Captioned web image data
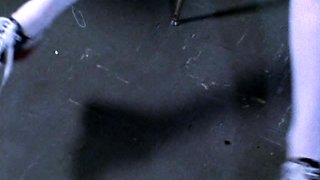 Beautiful Brunette Big Boobs Rides Fake Cock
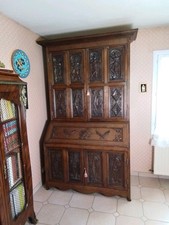 MAGNIFIQUE MEUBLE DE SACRISTIE, DEUX CORPS.  19 PANNEAUX 16e 17e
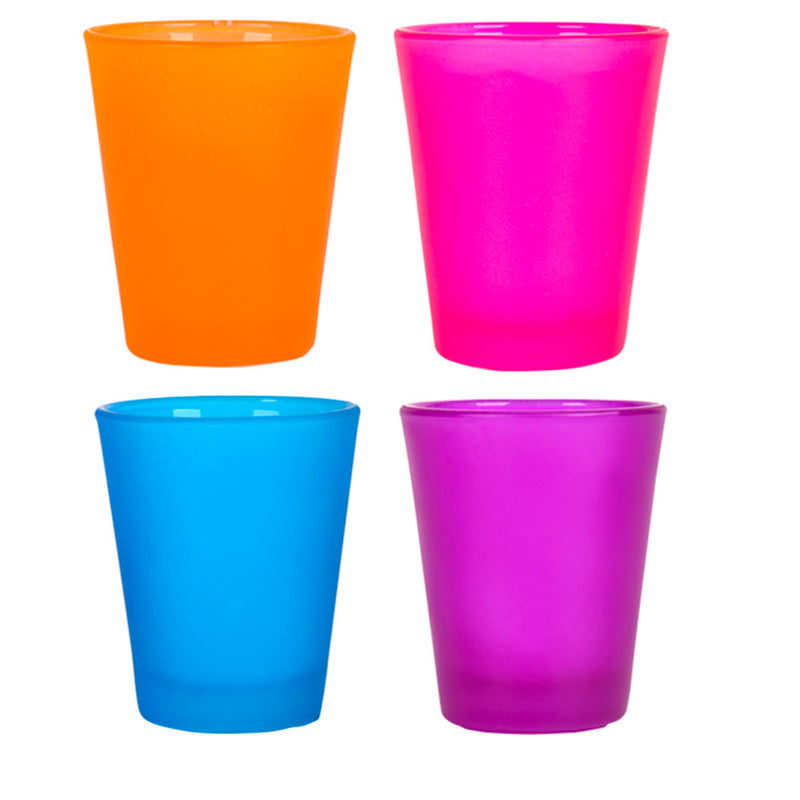 Neon Frosted Shot Glass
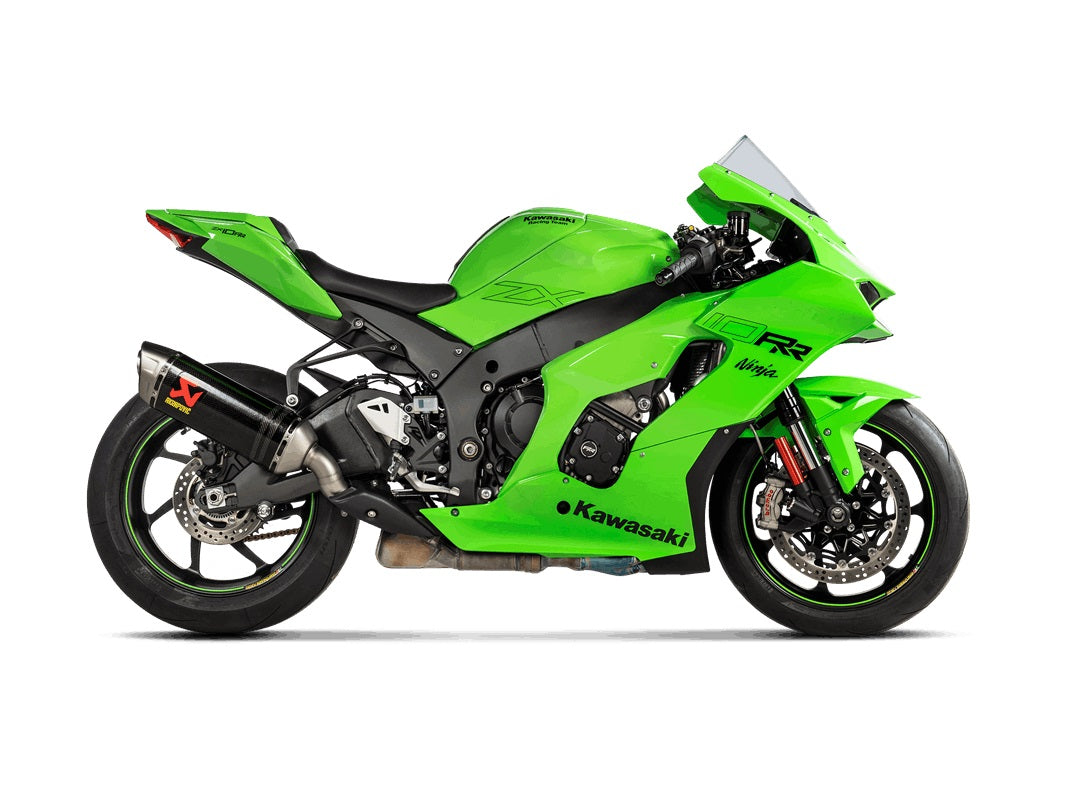 Akrapovic Carbon Silencer Slip-On Kit - Hexagonal - Road Legal – Kawasaki ZX-10R / RR 2021–2025 / Kawasaki ZX-10R / RR 2026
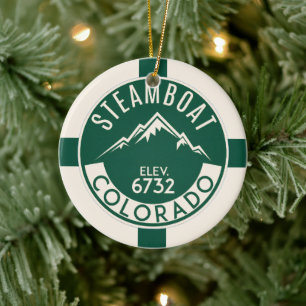 Ski Steamboat Ornament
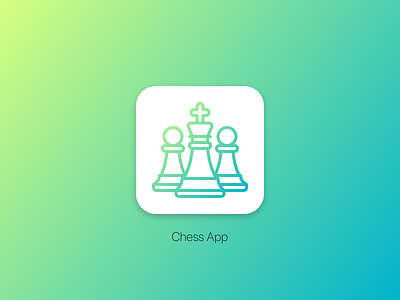 UI Challenge #005 • App Icon app challenge chess daily dailyui 005 icon ios mobile sketch ui ux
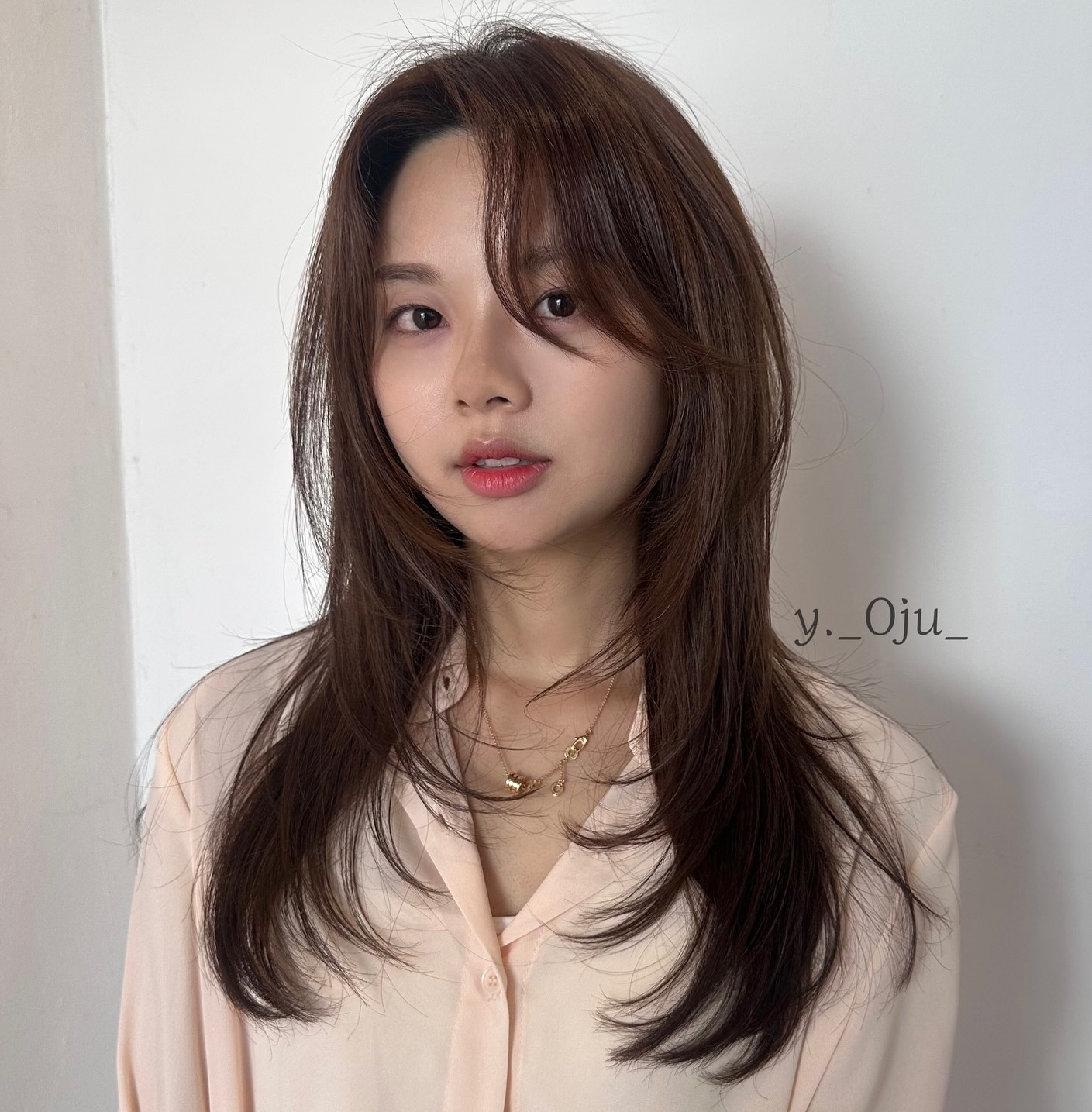 Long Wispy Curtain Bangs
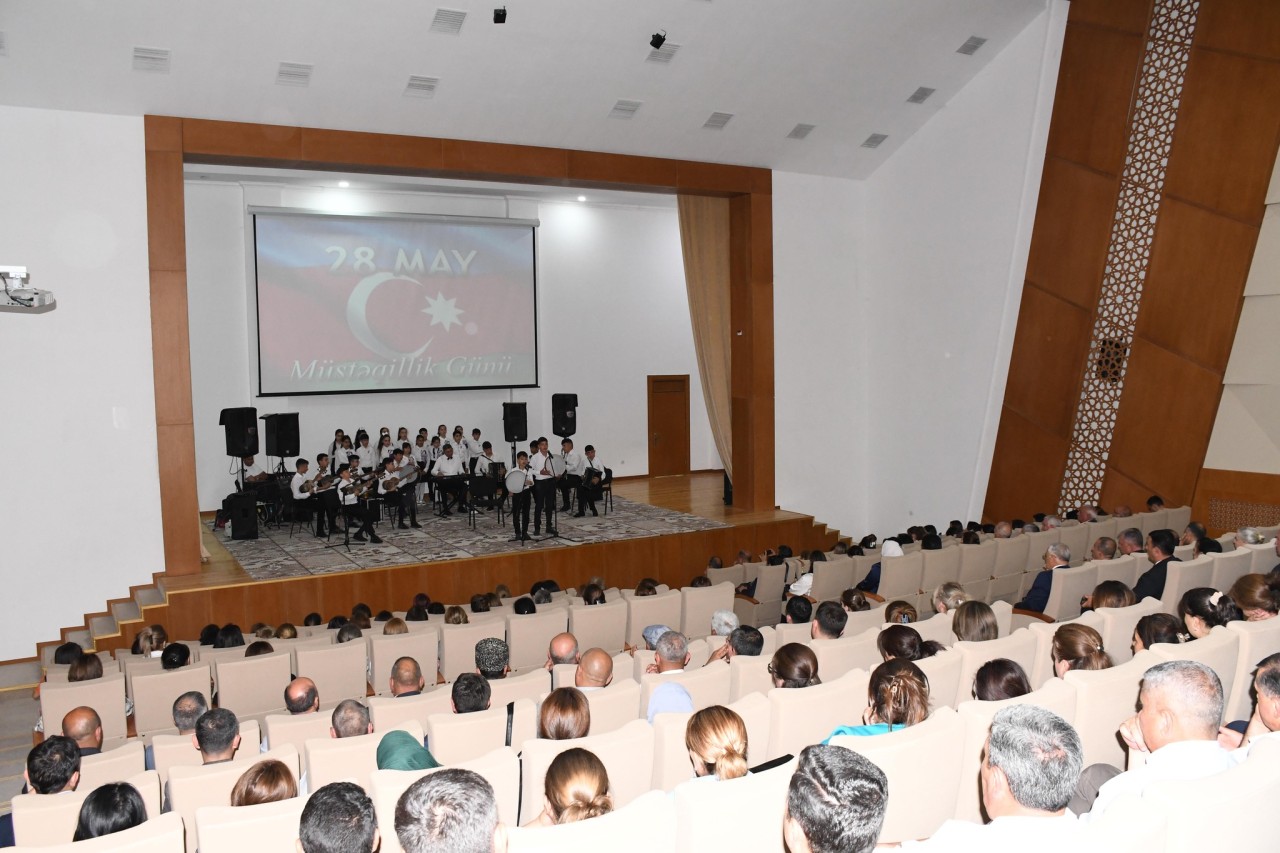 Ağdamda 28 May-Müstəqillik gününə həsr olunmuş tədbir keçirilib - FOTOLAR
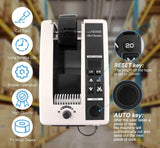 Electric Tape Cutting Machine,Automatic Tape Dispenser Cutter for Wrapping/Packing, with 999mm Cutting Length for Various 8-50mm Width Tapes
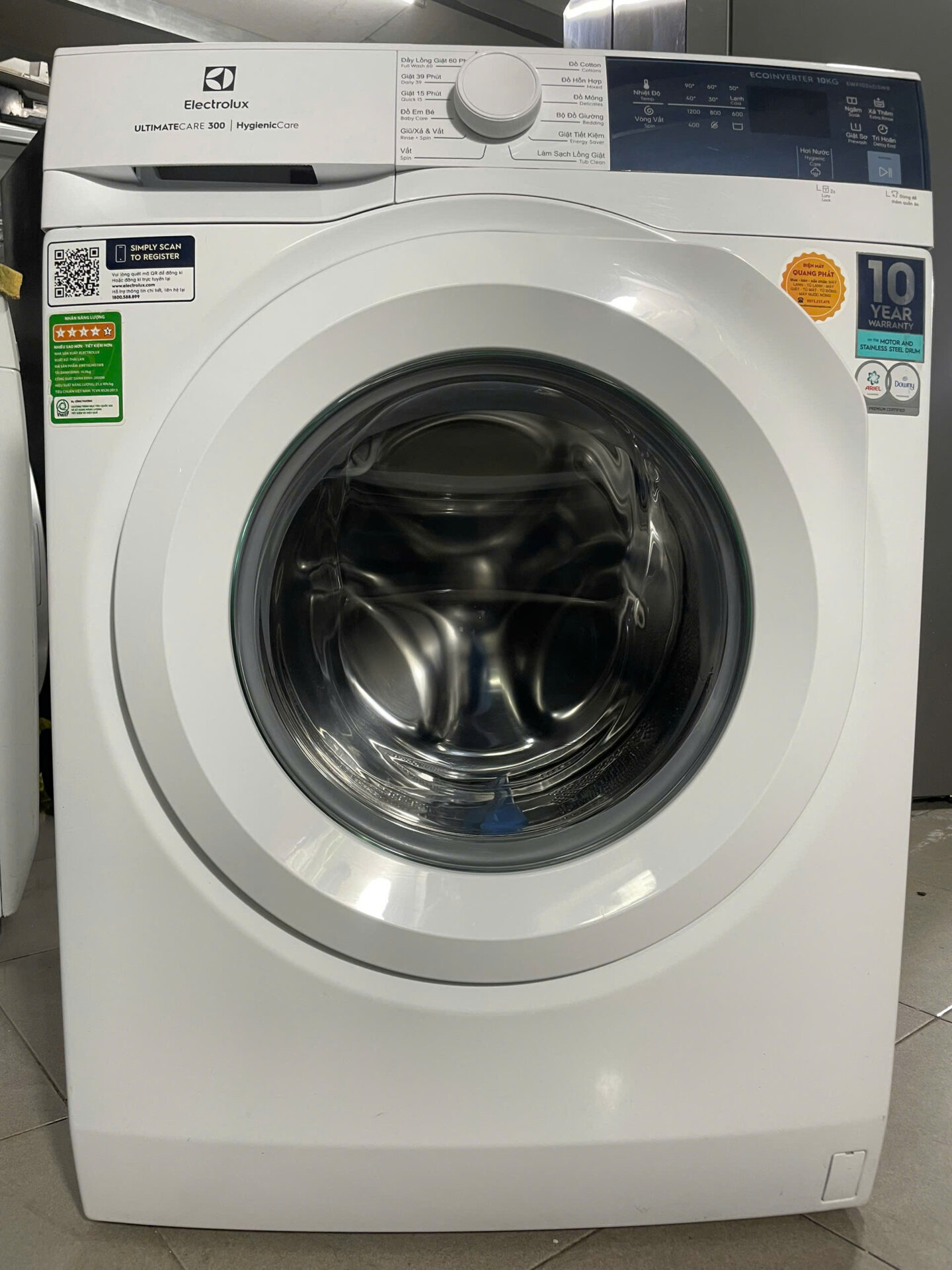 Máy giặt Electrolux 10kg Inverter - Free Ship - BH 12th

INSTRUCTIONS TO FOLLOW:
Your copy should match the records word for word, with the pictures removed.

RESULT BELOW:
 Beautiful Brunette Big Boobs Rides Fake Cock
 MAGNIFIQUE MEUBLE DE SACRISTIE, DEUX CORPS.  19 PANNEAUX 16e 17e
 Neon Frosted Shot Glass
 Akrapovic Carbon Silencer Slip-On Kit - Hexagonal - Road Legal – Kawasaki ZX-10R / RR 2021–2025 / Kawasaki ZX-10R / RR 2026
 Ski Steamboat Ornament
 UI Challenge #005 • App Icon app challenge chess daily dailyui 005 icon ios mobile sketch ui ux
 Long Wispy Curtain Bangs
 Ağdamda 28 May-Müstəqillik gününə həsr olunmuş tədbir keçirilib - FOTOLAR
 Electric Tape Cutting Machine,Automatic Tape Dispenser Cutter for Wrapping/Packing, with 999mm Cutting Length for Various 8-50mm Width Tapes
 Máy giặt Electrolux 10kg Inverter - Free Ship - BH 12th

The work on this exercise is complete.